In the same pages, novelist Mark Helprin, a former adviser to Robert J. Dole's presidential campaign, savaged conservatives such as Rush Limbaugh, Sean Hannity and Mark Levin for daring to speak out against McCain. "Rather than playing recklessly with electoral politics by sabotaging their own party," he wrote, "each of these compulsive talkers might be a tad less self-righteous, look to the long run, discipline himself, suck it up, and be a man."

I know the conservative movement. I've been in the trenches fighting for an alphabet soup of conservative causes for 30 years. I've raised hundreds of millions of dollars for it. And I earnestly hope that McCain isn't listening to the advice he's getting from these folks. Their thinking betrays a fundamental misreading of the conservative pulse in America today.

Conservative leaders, particularly those in talk radio, cannot and will not be silent. They will not betray their principles and their audiences. Tens of millions of activists turn to them for guidance. These activists could be, and need to be, McCain's ground troops, but unless and until conservatives believe him -- and believe in him -- they will not work for his election. McCain may have the Beltway crowd in his corner, but grass-roots conservatives aren't sold.

Yet through his surrogates, McCain is attacking these leaders. This is beyond folly. It is political suicide.

For 20 years, the moderate establishment of the Republican Party has told conservatives to sit down, shut up and do as we're told. History shows that sometimes we bite the bullet. But not always. I absolutely guarantee that this year we cannot be taken for granted. This is a movement fed up with betrayals, and they've come one after the other.

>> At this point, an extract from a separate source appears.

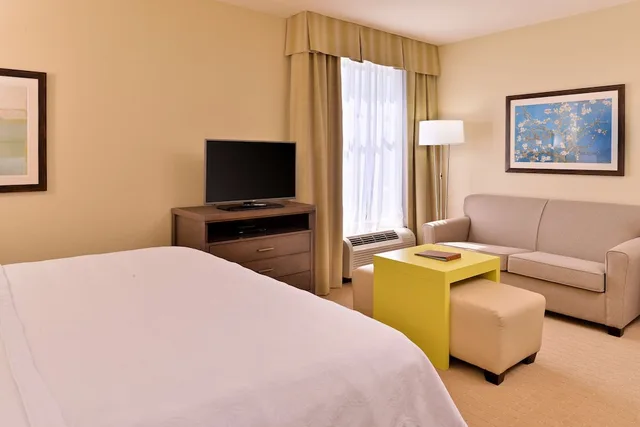 Studio, King Bed, Homewood Suites by Hilton Houma LA 2/8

This is what conservatives call on him to do:

McCain must present a strategy to defeat the threat of radical Islam. He needs to call on the United States to rebuild its military infrastructure, so devastated by the Clinton administration. He should secure our borders by a date certain. In every great struggle, the citizenry -- everyone, not just the country's military -- has been challenged to participate. McCain could make this the clarion call for volunteerism, for national service.

If McCain believes in freedom, he should promise to take the yoke off the American taxpayer. He has embraced making the Bush tax cuts permanent. Good. Now he should pledge to end the estate tax and lower the corporate tax rate to 25 percent. In fact, he should call for an overhaul of the tax system. The flat tax or the fair tax -- either is preferable to the monstrosity that is the Internal Revenue Service.

The federal government is out of control. Conservatives don't want to hear talk about "reining in the growth of government." Those are empty words. McCain needs to call for the elimination of entire sectors of the federal leviathan. He should pledge to turn back to the states that which is their responsibility and which comes under their authority. We want to see how he will deregulate the private sector and how he will once again unleash the economic might of the United States. He should champion private retirement accounts and health savings accounts.

McCain should place the left on notice -- now -- that if elected, he will not tolerate congressional obstructionism of his nominations to the federal judiciary.

Our culture is decaying from within, and most Republicans have been shamefully AWOL on this issue. McCain could begin a national conversation about parents, not the state, taking responsibility for their children and their communities. He should call on the entertainment industry to stop polluting America's youth with its videos and its music and on the Internet. We wait to hear him call for the United States to honor the sanctity of life, the sanctity of marriage and family, and to return God to the public square.

If McCain offers this kind of vision, Washington elitists will scoff. But he should remember that they also scoffed and dismissed Ronald Reagan, all the way to his election. And his reelection.
Let's see, the conservatives had Fred Thompson, Tom Tancredo, Sam Brownback, and Duncan Hunter run in the Republican primaries. All of them have impeccable conservative credentials, and all of their campaigns cratered before Groundhog Day. It's obvious that none of them or their platforms are acceptable to the majority of Republicans, let alone the rest of the country, so for Brent Bozell to start dictating terms to John McCain is an amusing exercise in chutzpah, if not overblown ego on his own behalf. Fanatics always think they have a large army behind them when they're backed into a corner.